The scene in southern Delaware is coming to light with Wilmington Trust, founded in 1903 by the Du Pont family, the railroad barons. The Du Ponts helped to set up the Federal Reserve in order to protect bankers’ interests. Bank executives talked repeatedly about mortgage defaults in the southern half of the state increasing, especially in large housing newer housing developments they financed.
Wilmington Trust officials believed there would be a turn around in the economic downturn and poured money into real estate loans in record numbers from 2000 to 2008 when it finally became evident that a turn around in the real estate market was unlikely. Wilmington Trust alone is estimated to face losses of $534-million on its $1.68-billion new home construction portfolio and the estimate is only expected to rise. Foreclosures in Ocean City and along the coastline are projected to be the highest in the second home market.

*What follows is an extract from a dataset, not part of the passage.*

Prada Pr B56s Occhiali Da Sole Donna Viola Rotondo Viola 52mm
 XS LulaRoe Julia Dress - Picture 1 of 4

Home sales were spurred by the federal tax credit for buyers in Wilmington only to slowdown after its expiration. Home values have been slipping in Delaware for more than three years as high unemployment makes it impossible for many homeowners to make mortgage payments. Other mortgage holders in Delaware see no end to being underwater on their mortgages and are walking away from homes, leaving lenders to foreclose.
The foreclosure crisis in Wilmington is projected to take a massive jump in 2011 as tight mortgage under-writing restrictions keep mortgage lending restrained except to only the best candidates for home mortgages. Average home prices are forecast to take a hit of 8.9% for the year.
Residential sales are also sluggish in New Castle County, where Newark is located. Despite near record low mortgage rates and lower home prices, the market is suffering through the downturn as if the federal tax credit never made any difference at all for its housing market in Newark. Sales should gain momentum by mid-year as prices decline to lower levels to attract more buyers. Newark is forecast to sustain average housing deflation of 8.6% in 2011.
In Dover, the capitol of the state home sales were higher for a time during the federal credit but then turned sluggish after the expiration. With only a few handfuls of sales a month it’s difficult to judge any sort of velocity in the housing market in Dover, but you can be rest assured that it will take a number of years for things to improve. Foreclosure sales will make up most sales over the next couple of years. Home prices are forecast to decline 7.3% for the year in Dover.
Sluggish sales are also hurting the market in nearby Smyrna outside of Dover. When mortgages started going bad in great numbers there was little bankers in the area could do other than try to work something out with the mortgage holder. As the foreclosure crisis reaches its peak in Delaware, bankers seem more reluctant to come to mortgage holders’ aid. Smyrna is forecast to sustain housing deflation that will average 7.8% in 2011.